# First Time Plower



## New Guy (Feb 14, 2008)

Hey Hows it going. Names BOB. I am in the works of buying my Uncles truck that has a Plow on it. My Question to you is is there any site or info on driving with a plow and how to plow. I know its fairly easy so I have heard. Thanks for all the Help. BOB


----------



## KGRlandscapeing (May 2, 2007)

New Guy;516789 said:


> Hey Hows it going. Names BOB. I am in the works of buying my Uncles truck that has a Plow on it. My Question to you is is there any site or info on driving with a plow and how to plow. I know its fairly easy so I have heard. Thanks for all the Help. BOB


so you have heard wrong.


----------



## AndyTblc (Dec 16, 2006)

if you need tips, on the boss website at the top it will say plowing tips, but there is a lot of info on this site.


----------



## New Guy (Feb 14, 2008)

Ok Thanks for the advice. I will check the Boss site. Were on here might I find a Plowing 101. BOB


----------



## WingPlow (Jun 18, 2007)

KGRlandscapeing;516954 said:


> so you have heard wrong.


contary to popular belief, the art of pushing snow with a heavy peice of steel is not rocket sience

take your time the first few times and you'll have no problems


----------



## KGRlandscapeing (May 2, 2007)

WingPlow;517729 said:


> contary to popular belief, the art of pushing snow with a heavy peice of steel is not rocket sience
> 
> take your time the first few times and you'll have no problems


u ur self just stated it. its an art and well not everybody is an artist. driving with a plow with out ballast in the back can be very difficult in inclement weather. driving with a plow sticking 4 ft out in front of the truck also makes it hard to travel threw traffic or make some right turns. pushing snow now is also hard if ur not well aware of ur surrounding. u r bound to break something being either the truck or landscape or cars and what now. i am not saying that u have to have an IQ 150 or better to plow. it just takes a ton of skills ur hands eyes feet and mind all have to work together well.


----------



## New Guy (Feb 14, 2008)

Ok that Boss site had a lot of good Tips Thanks for the help. BOB


----------



## bannor4952 (Feb 18, 2008)

just rember to take your time and dont rush it right away it takes time to get used to the way the snow gets pushed


----------



## cameo89 (Dec 8, 2007)

*learning how to plow*

I started in a large parking lot (that way your blade should'nt trip) then you can learn how to ''back drag'' and push open lots while ''windrowing'' and learn your comfort speed while pushing in to a pile, be sure and use all mirrors to keep your eyes on all cars, light poles, ect. then as you get better go to your freinds/family members that you don't care for, and by the time you rip up there yards you should be a pro, then go home and make sure your wife/GF can get out of the drive LOL....

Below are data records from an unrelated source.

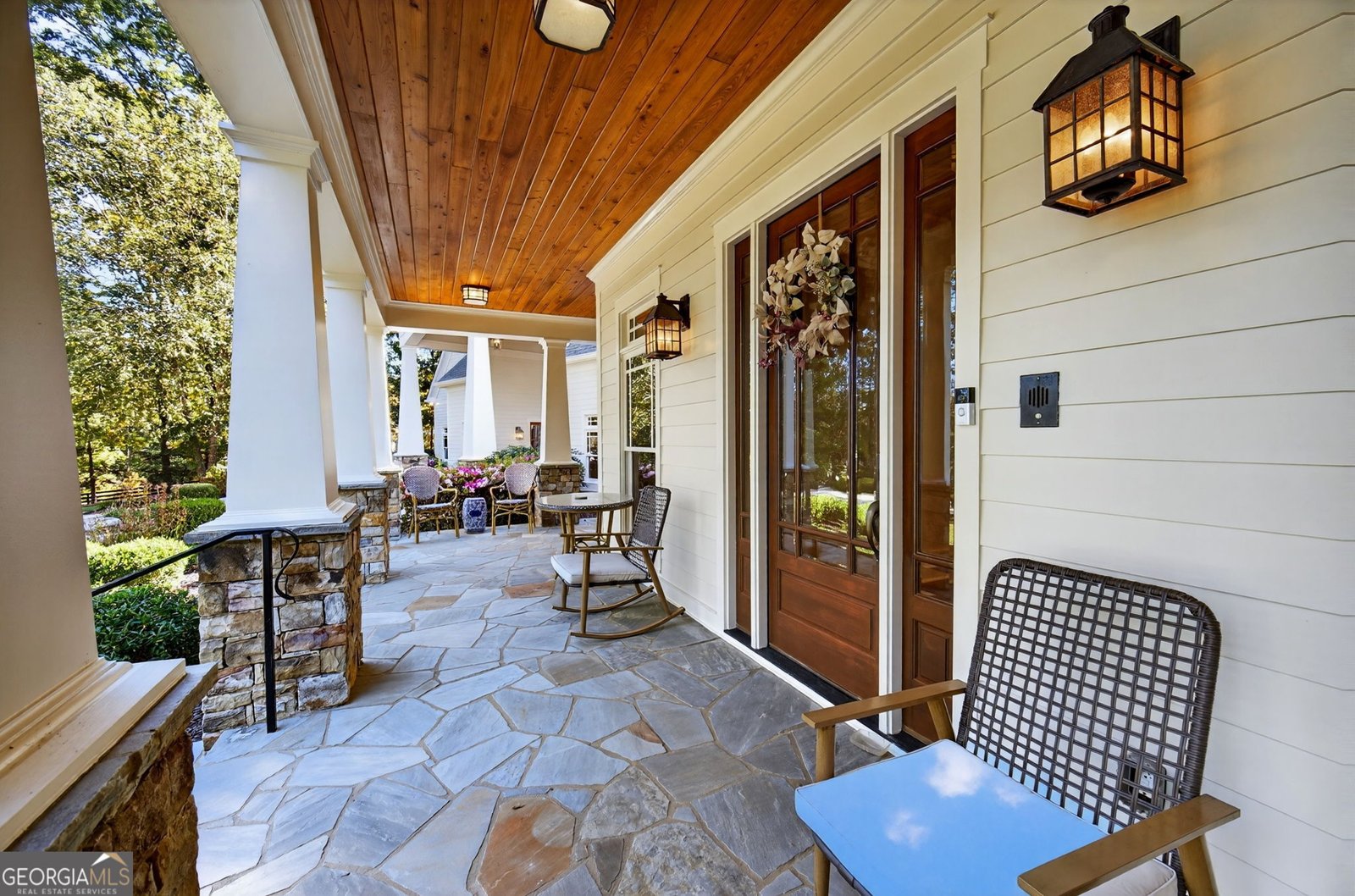 114 Trinity Hollow Drive Canton - 7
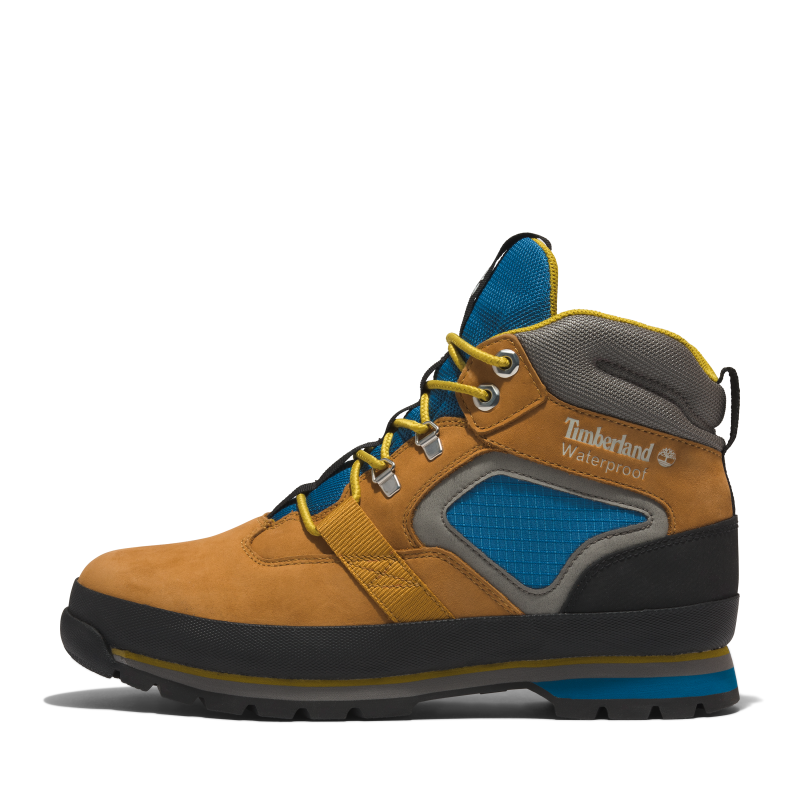 Adult’s Timberland ‘Euro Hiker’ Boots
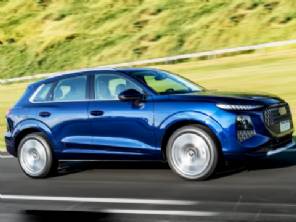 Audi Q3 fica um pouco maior e mais potente; confira r�pida avalia��o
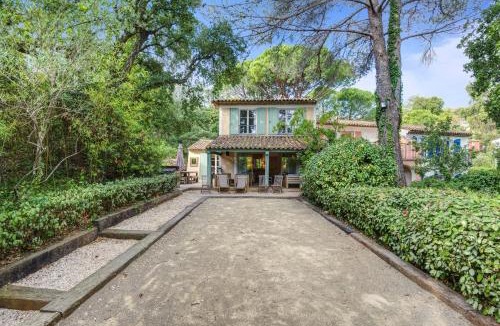 Les Restanques Villa | Villa des Roses - Welkeys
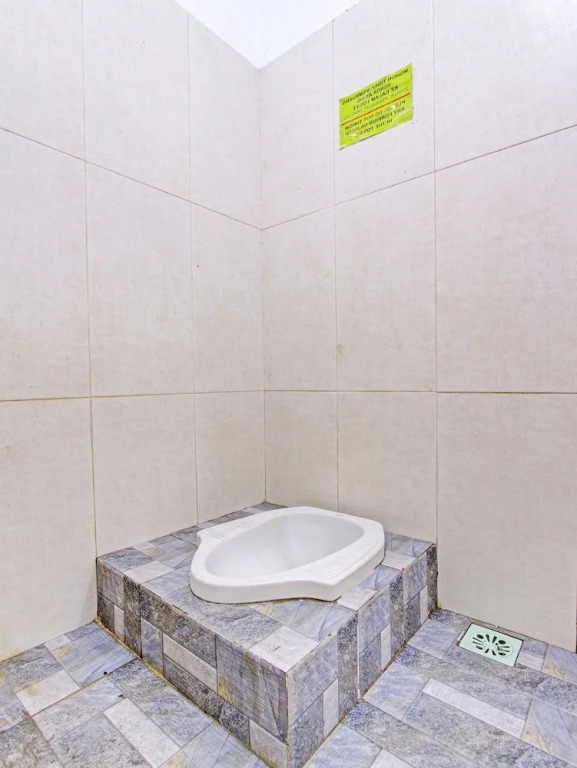 SPOT ON 91521 Mayong Guesthouse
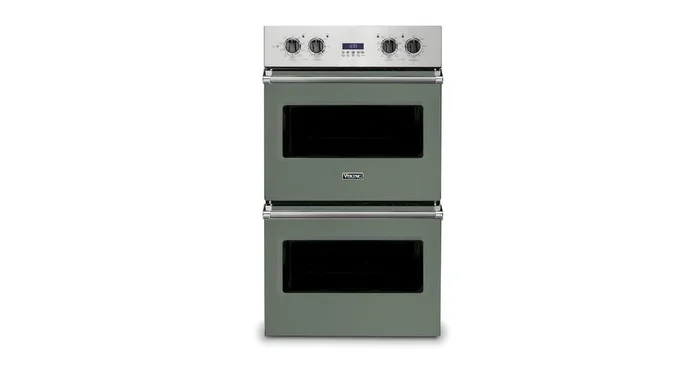 VIKING 30″ Electric Double Select Oven – VDOE VDOE130EU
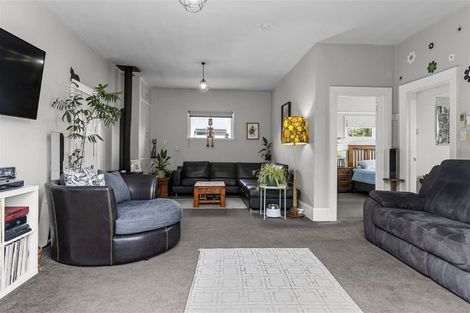 Photo of property in 31 Buccleugh Street, Phillipstown, Christchurch, 8011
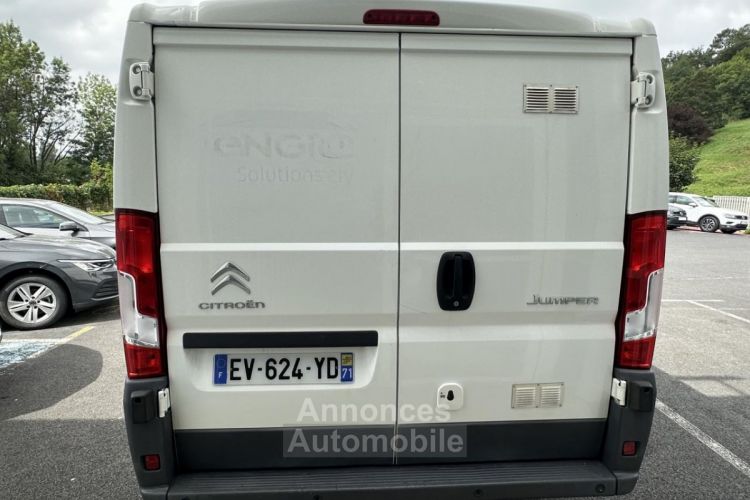 Citroen Jumper Business 30 L1H1 2.2 HDi - 110 +Gps + Radar AR - <small></small> 15.990 € <small></small> - #6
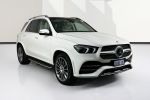 Image for 2020 Mercedes-Benz GLE-Class V167 GLE400 d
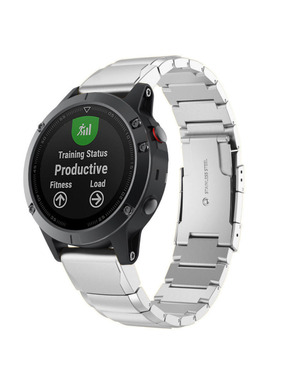 ArmorStandart Garmin 26 mm Silver (ARM85710)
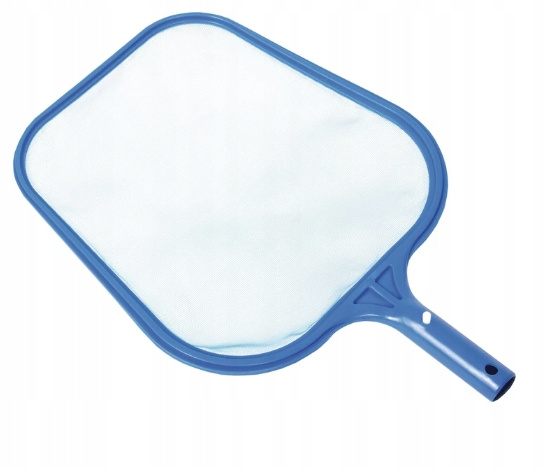 Plasă pentru scoaterea impurităților din piscină 27 x 30 CM *5568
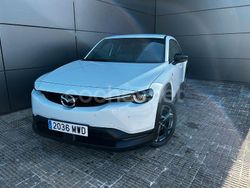Blanco Usado 2024 Mazda MX30 Prime-Line SUV | 25.900 € (Super precio)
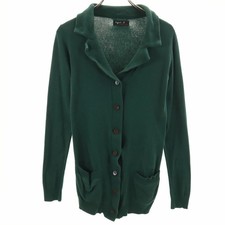 agnes b French Knit Jacket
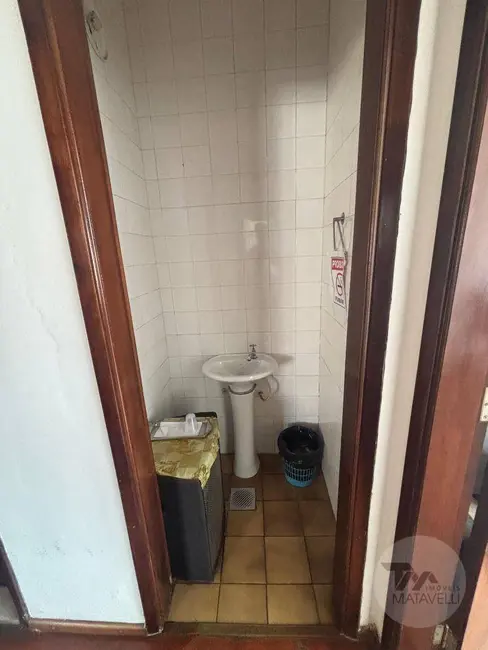 Apartamento com 3 quartos à venda, 200m2 em Centro, Pocos De Caldas - MG - imagem 8 Foto 8 de Apartamento com 3 quartos à venda, 200m2 em Centro, Pocos De Caldas - MG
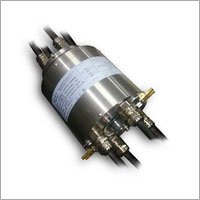 Explosion Proof Slip Rings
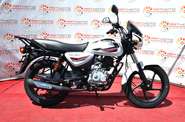 Bajaj Boxer Base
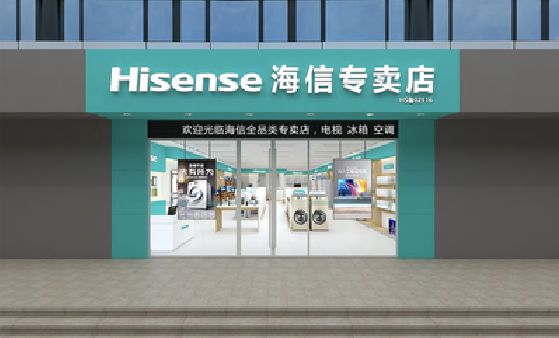 旬阳如何加强专卖店门头设计品质？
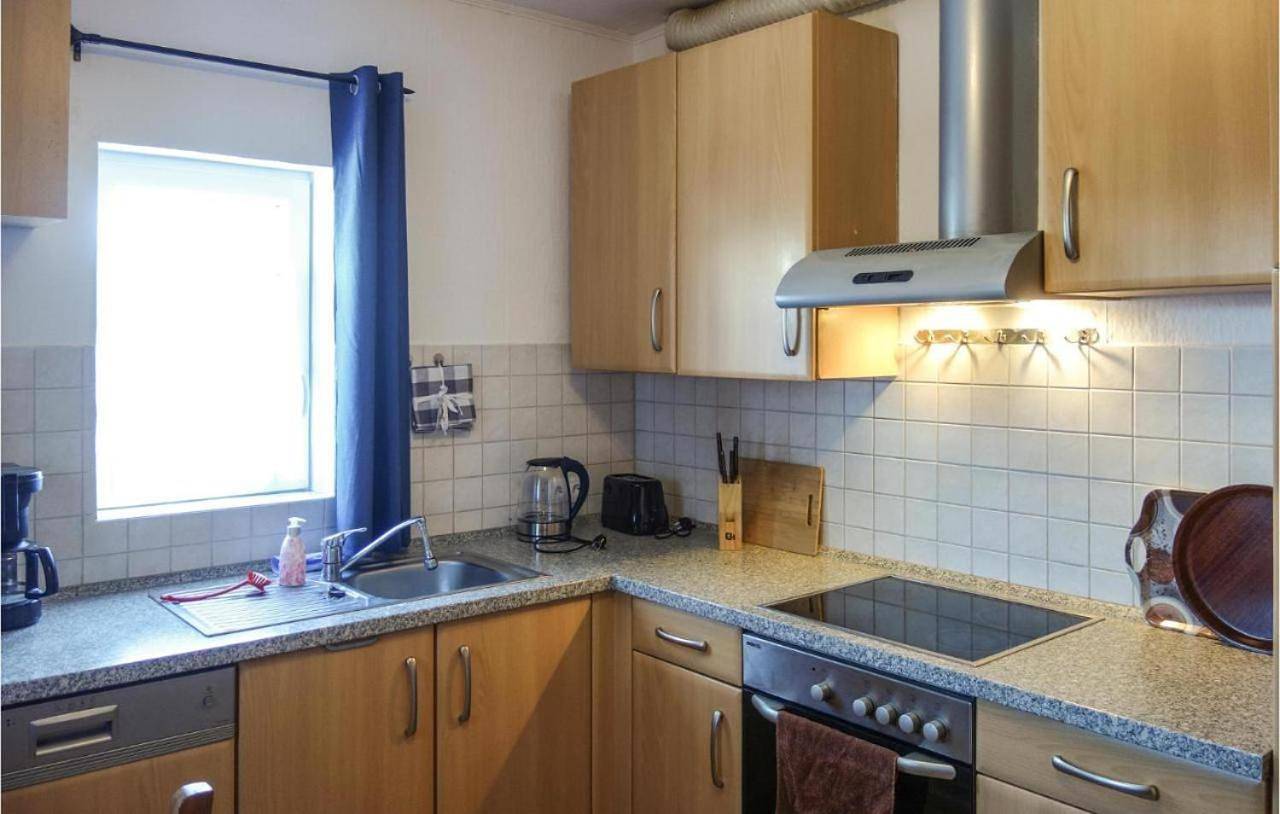 Ganze Wohnung, Three-Bedroom Apartment in Lilienthal, Niedersachsen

Welcome to plowsite and Good luck on learning how to plow
You can learn alotttt from these guys on plowsite

Yon


----------



## Jello1 (Jan 17, 2008)

Be aware of potential obstructions. Take your time.


----------



## RipT (Dec 6, 2004)

As others have said, being fully aware of your suroundings...... everything going on, people, kids, pets, cars, trees, posts, rocks, ditches, etc, etc is perhaps the biggest thing to "learn". Think ahead......way ahead!

Do not shift transmission before coming to a FULL stop.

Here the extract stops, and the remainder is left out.